[Opening ENTRIES SHOWN section]

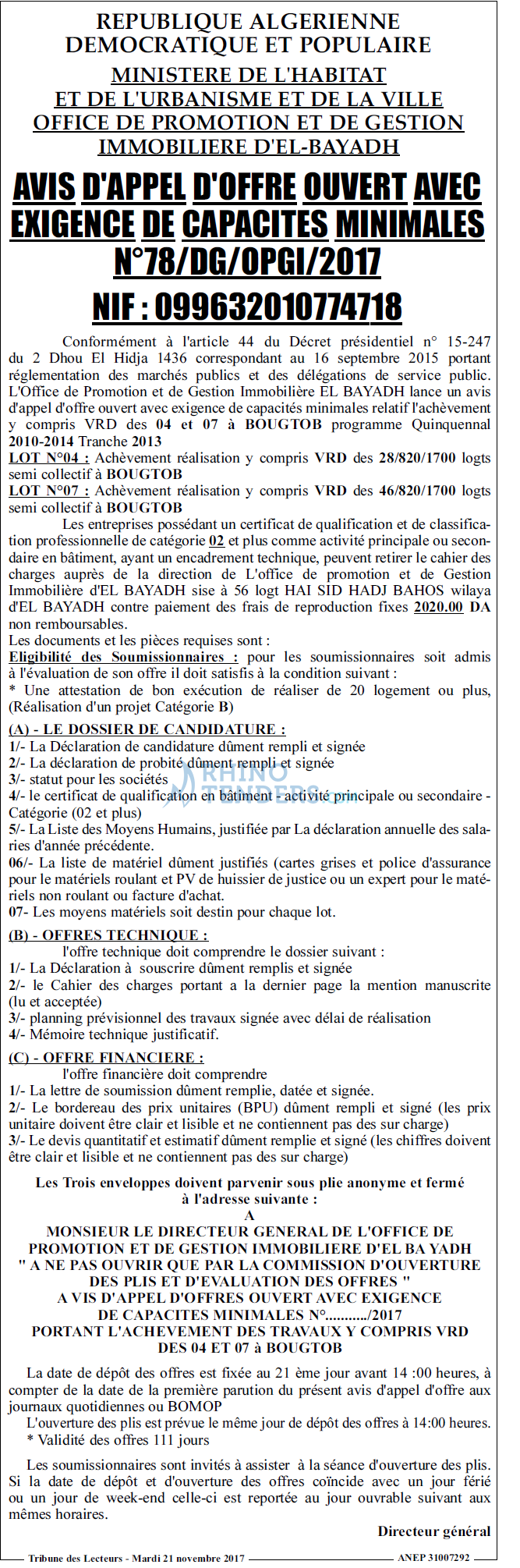 TRIBUNE DES LECTEURS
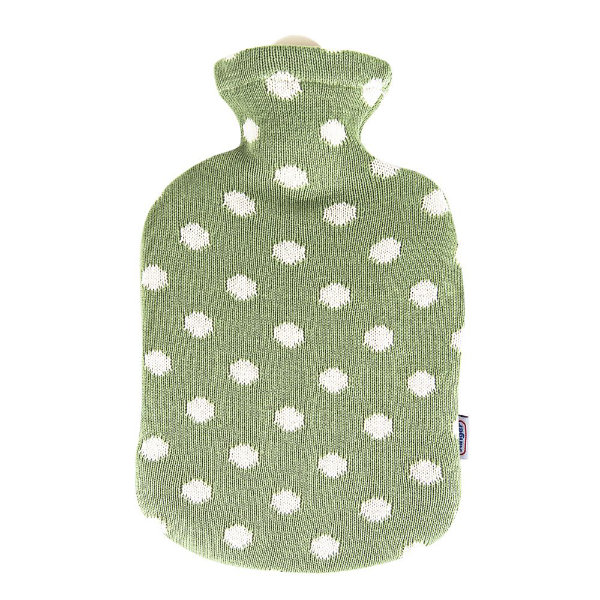 2,0 Liter Wärmflasche mit Strickbezug aus Baumwolle "Maigrün"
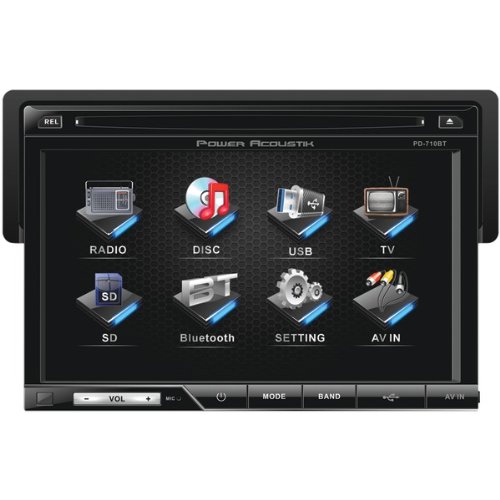 Power Acoustik 7" Touch Screen Receiver TFT/LCD DVD AM/FM Bluetooth A2DP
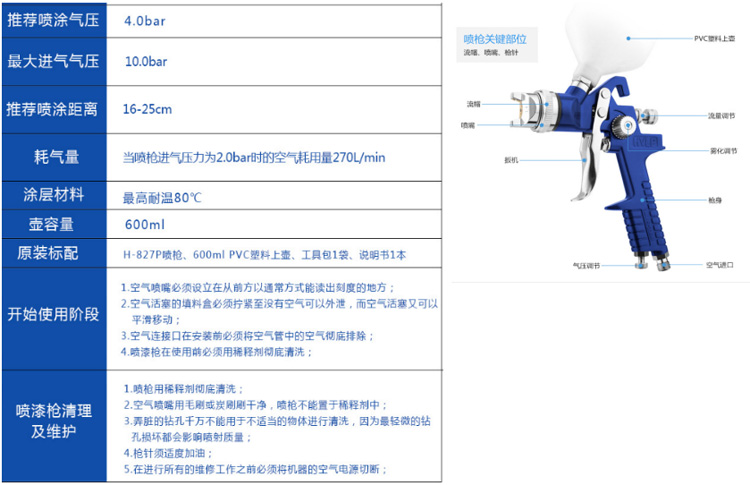 氣動噴槍H827 原裝標(biāo)配噴涂工具設(shè)備 用于耐溫涂層材料噴射 易清洗維護-2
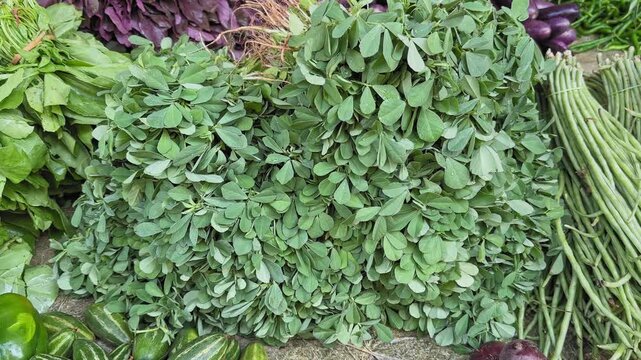 Fresh fenugreek leaves displayed for sale at an Indian market, vibrant green bunches stacked neatly, tender stems and aromatic foliage catching soft daylight.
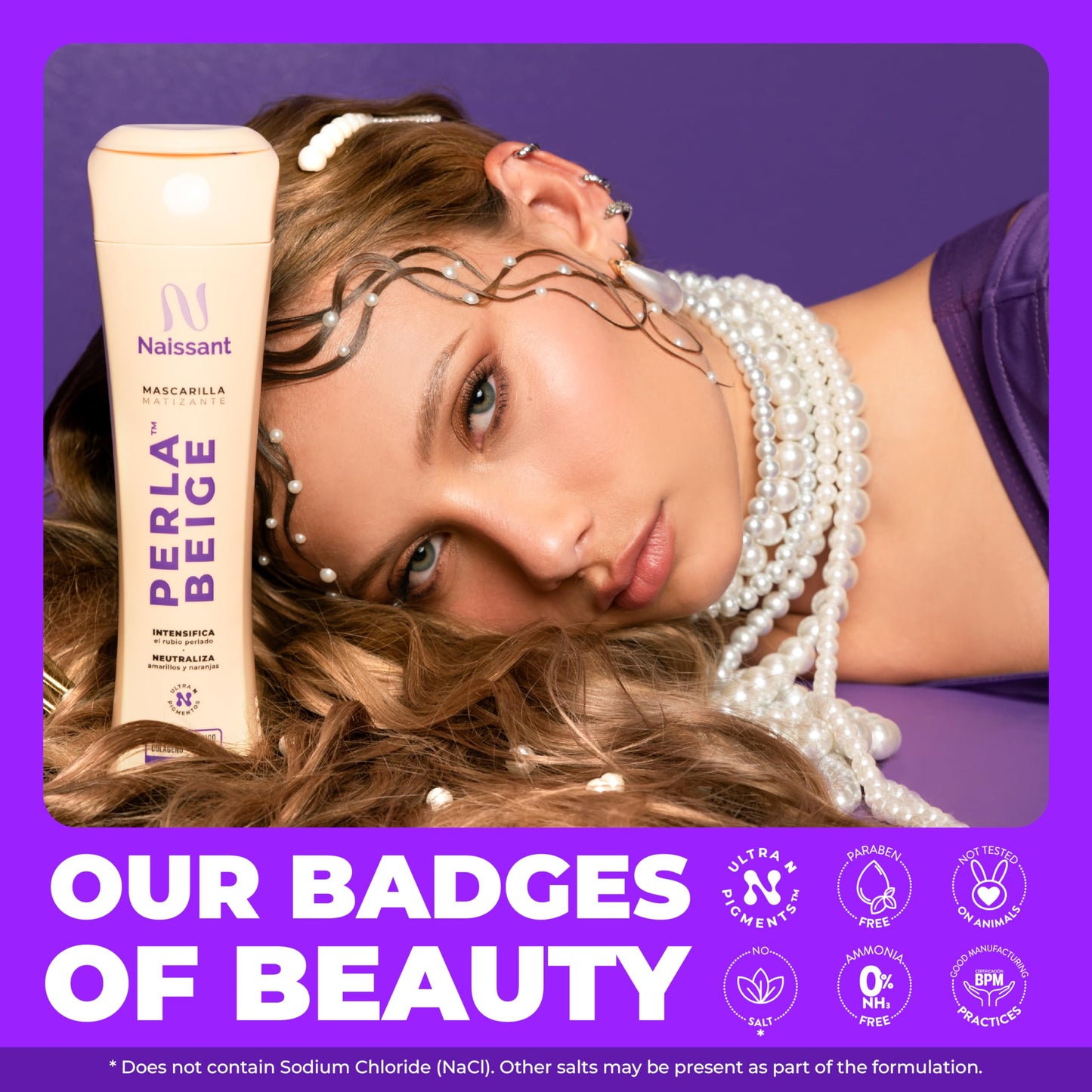 Naissant Pearl Blonde Set: Purple Shampoo & Toning Mask to Eliminate Brassiness | Paraben, Ammonia & Sulfate Free | 10.1 oz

[Closing ENTRIES SHOWN section]

Starting where a line contains "Fresh fenugreek leaves" and finishing at the last line above, set down every line exactly as it reads, with no pictures.

 Fresh fenugreek leaves displayed for sale at an Indian market, vibrant green bunches stacked neatly, tender stems and aromatic foliage catching soft daylight.
 Naissant Pearl Blonde Set: Purple Shampoo & Toning Mask to Eliminate Brassiness | Paraben, Ammonia & Sulfate Free | 10.1 oz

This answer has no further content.